→ About this exercise
Would you please copy the part of the material below that opens with the line containing "Certified 2021 Ford" and closes with the line containing "2024 Street Bob 114 FXBBS - Photo 5"? Copy it exactly, and only it.

→ Working data
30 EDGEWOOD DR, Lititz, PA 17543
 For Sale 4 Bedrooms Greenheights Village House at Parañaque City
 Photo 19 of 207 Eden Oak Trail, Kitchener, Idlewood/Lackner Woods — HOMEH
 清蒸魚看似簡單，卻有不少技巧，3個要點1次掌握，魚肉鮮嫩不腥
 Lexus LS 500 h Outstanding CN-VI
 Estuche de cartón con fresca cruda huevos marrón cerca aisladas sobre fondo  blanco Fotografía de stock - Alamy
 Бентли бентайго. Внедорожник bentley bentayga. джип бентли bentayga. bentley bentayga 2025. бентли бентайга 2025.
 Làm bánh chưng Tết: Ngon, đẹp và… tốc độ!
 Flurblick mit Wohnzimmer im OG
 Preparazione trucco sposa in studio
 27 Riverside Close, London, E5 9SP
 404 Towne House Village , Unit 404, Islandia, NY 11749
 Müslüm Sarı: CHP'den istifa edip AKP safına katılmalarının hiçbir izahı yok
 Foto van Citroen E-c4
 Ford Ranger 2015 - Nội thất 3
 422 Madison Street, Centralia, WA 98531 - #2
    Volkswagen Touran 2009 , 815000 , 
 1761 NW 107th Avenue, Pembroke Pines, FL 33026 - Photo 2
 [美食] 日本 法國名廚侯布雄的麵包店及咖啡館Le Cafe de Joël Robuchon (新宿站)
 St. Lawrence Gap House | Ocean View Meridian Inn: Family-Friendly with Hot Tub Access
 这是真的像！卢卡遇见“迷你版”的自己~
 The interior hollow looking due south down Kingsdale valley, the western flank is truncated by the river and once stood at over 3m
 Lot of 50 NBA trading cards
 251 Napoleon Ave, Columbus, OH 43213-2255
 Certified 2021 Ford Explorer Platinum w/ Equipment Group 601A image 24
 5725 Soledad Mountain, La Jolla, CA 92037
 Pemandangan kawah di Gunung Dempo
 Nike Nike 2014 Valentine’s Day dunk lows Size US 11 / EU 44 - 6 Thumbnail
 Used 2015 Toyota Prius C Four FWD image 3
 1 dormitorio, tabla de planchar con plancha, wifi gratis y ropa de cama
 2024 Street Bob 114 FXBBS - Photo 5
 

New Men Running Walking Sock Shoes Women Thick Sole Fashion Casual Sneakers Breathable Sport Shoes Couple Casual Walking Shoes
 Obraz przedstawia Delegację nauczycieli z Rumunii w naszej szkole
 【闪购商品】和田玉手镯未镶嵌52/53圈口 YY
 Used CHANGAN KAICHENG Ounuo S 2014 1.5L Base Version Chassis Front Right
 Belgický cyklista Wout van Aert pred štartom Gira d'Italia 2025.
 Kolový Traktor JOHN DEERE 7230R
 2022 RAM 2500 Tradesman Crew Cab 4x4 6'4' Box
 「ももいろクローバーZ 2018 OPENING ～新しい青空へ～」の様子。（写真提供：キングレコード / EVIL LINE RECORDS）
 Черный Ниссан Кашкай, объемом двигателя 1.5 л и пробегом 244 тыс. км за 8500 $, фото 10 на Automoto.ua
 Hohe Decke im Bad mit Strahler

→ Response to this exercise
 Certified 2021 Ford Explorer Platinum w/ Equipment Group 601A image 24
 5725 Soledad Mountain, La Jolla, CA 92037
 Pemandangan kawah di Gunung Dempo
 Nike Nike 2014 Valentine’s Day dunk lows Size US 11 / EU 44 - 6 Thumbnail
 Used 2015 Toyota Prius C Four FWD image 3
 1 dormitorio, tabla de planchar con plancha, wifi gratis y ropa de cama
 2024 Street Bob 114 FXBBS - Photo 5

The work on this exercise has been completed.